Segment Start: Task input

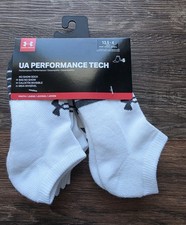 Under Armour UA Performance Tech Unisex Youth 6 Pack Ankle Socks Size 13.5-4 New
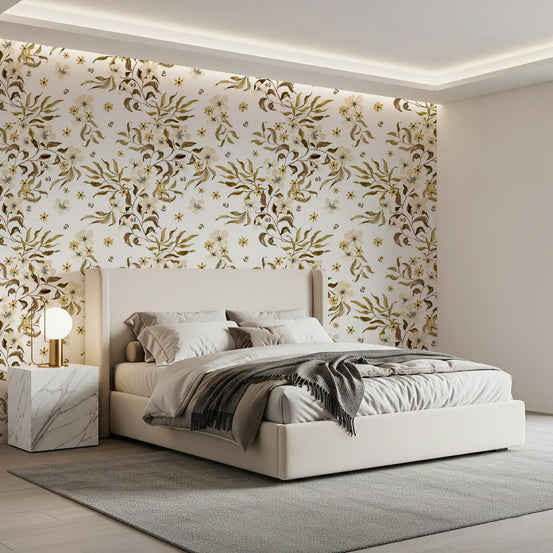 Earthy botanical vines wallpaper trailing behind a calm bedroom GD12072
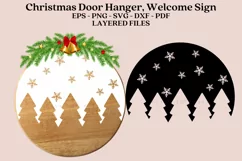 christmas Door Sign SVG instant download digital files layered files EPS PNG SVG DXF PDF JPG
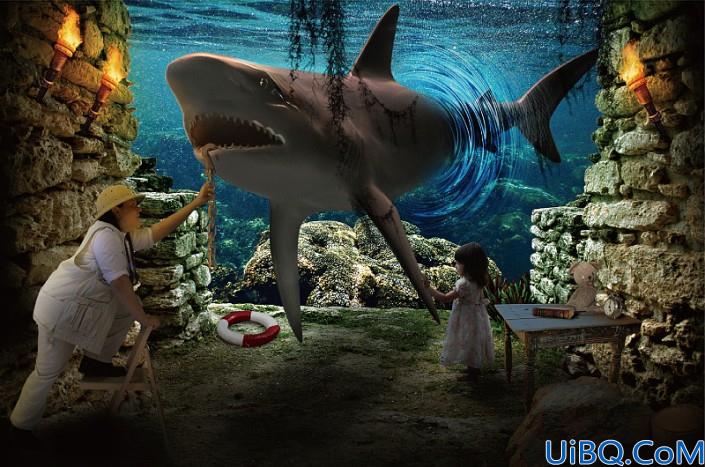 场景合成，用Photoshop合成逼真的大鲨鱼钻出水面照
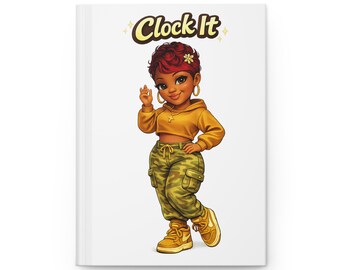 Diario de tapa dura Clock It / Escribe. Sueña. Crece. / Cuaderno motivacional con líneas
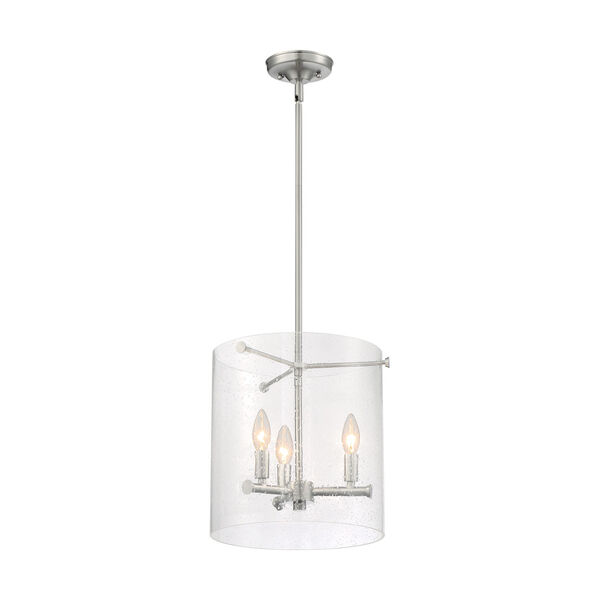 Bransel Brushed Nickel Three-Light Pendant with Clear Seeded Glass, image 4
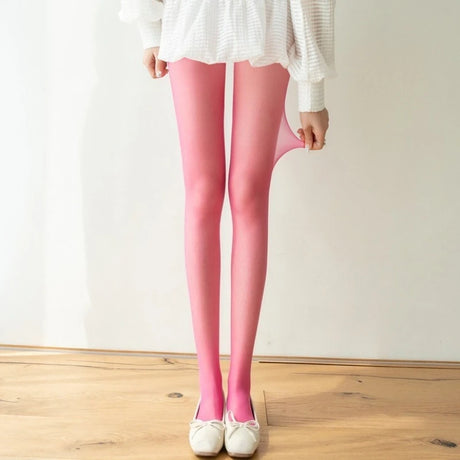 Women's Sexy Transparent Silk Stockings Disposable Breathable Sheer Tights Summer Ultra Thin Sock Colorful Anti-hooked Pantyhose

Segment End: Task input

> **Aim of the task**:
Transcribe the data exactly, minus any images.

> **Answer to this task**:
 Under Armour UA Performance Tech Unisex Youth 6 Pack Ankle Socks Size 13.5-4 New
 Earthy botanical vines wallpaper trailing behind a calm bedroom GD12072
 christmas Door Sign SVG instant download digital files layered files EPS PNG SVG DXF PDF JPG
 场景合成，用Photoshop合成逼真的大鲨鱼钻出水面照
 Diario de tapa dura Clock It / Escribe. Sueña. Crece. / Cuaderno motivacional con líneas
 Bransel Brushed Nickel Three-Light Pendant with Clear Seeded Glass, image 4
 Women's Sexy Transparent Silk Stockings Disposable Breathable Sheer Tights Summer Ultra Thin Sock Colorful Anti-hooked Pantyhose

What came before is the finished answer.